Orocos Operating System Abstraction

Date

Feb 6, 2010

Contents

• Orocos Operating System Abstraction

  • Introduction

    • Real-time OS Abstraction

  • The Operating System Interface

    • Basics

  • OS directory Structure

    • The RTAI/LXRT OS target

    • Porting Orocos to other Architectures / OSes

    • OS Header Files

  • Using Threads and Real-time Execution of Your Program

    • Writing the Program main()

    • The Orocos Thread

    • Synchronisation Primitives

Introduction

Real-time OS Abstraction

The OS layer makes an abstraction of the operating system on which it runs. It provides C++ interfaces to only the minimal set of operating system primitives that it needs: time reading, mutexes, semaphores, condition variables and threads. The abstraction also allows OROCOS users to build their software on all supported systems with only a recompilation step. The OS Abstraction layer is not directly being used by the application writer.

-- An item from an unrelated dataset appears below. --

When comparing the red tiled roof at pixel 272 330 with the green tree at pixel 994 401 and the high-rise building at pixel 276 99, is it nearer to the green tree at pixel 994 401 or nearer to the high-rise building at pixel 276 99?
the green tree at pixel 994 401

The abstractions cause (almost) no execution overhead, because the wrappers can be called in-line. See the OROBLD_OS_AGNOSTIC option in CMake build tool to control in-lining.

The Operating System Interface

Basics

Keeping the OROCOS core portable requires an extra abstraction of some operating system (OS) functionalities. For example, a thread can be created, started, paused, scheduled, etc., but each OS uses other function calls to do this. OROCOS prefers C++ interfaces, which led to the RTT::os::ThreadInterface which allows control and provides information about a thread in OROCOS.

Two thread classes are available in OROCOS: RTT::os::Thread houses our thread implementation. The RTT::os::MainThread is a special case as only one such object exists and represents the thread that executes the main() function.

This drawing situates the Operating System abstraction with respect to device driver interfacing (DI) and the rest of OROCOS

OS directory Structure

The OS directory contains C++ classes to access Operating System functionality, like creating threads or signaling semaphores. Two kinds of subdirectories are used: the CPU architecture (i386, powerpc, x86_64) and the Operating System (gnulinux, xenomai, lxrt), or target.

The RTAI/LXRT OS target

RTAI/LXRT is an environment that allows user programs to run with real-time determinism next to the normal programs. The advantage is that the real-time application can use normal system libraries for its functioning, like showing a graphical user interface.

An introduction to RTAI/LXRT can be found in the Porting to LXRT HOWTO, which is a must-read if you don’t know what LXRT is.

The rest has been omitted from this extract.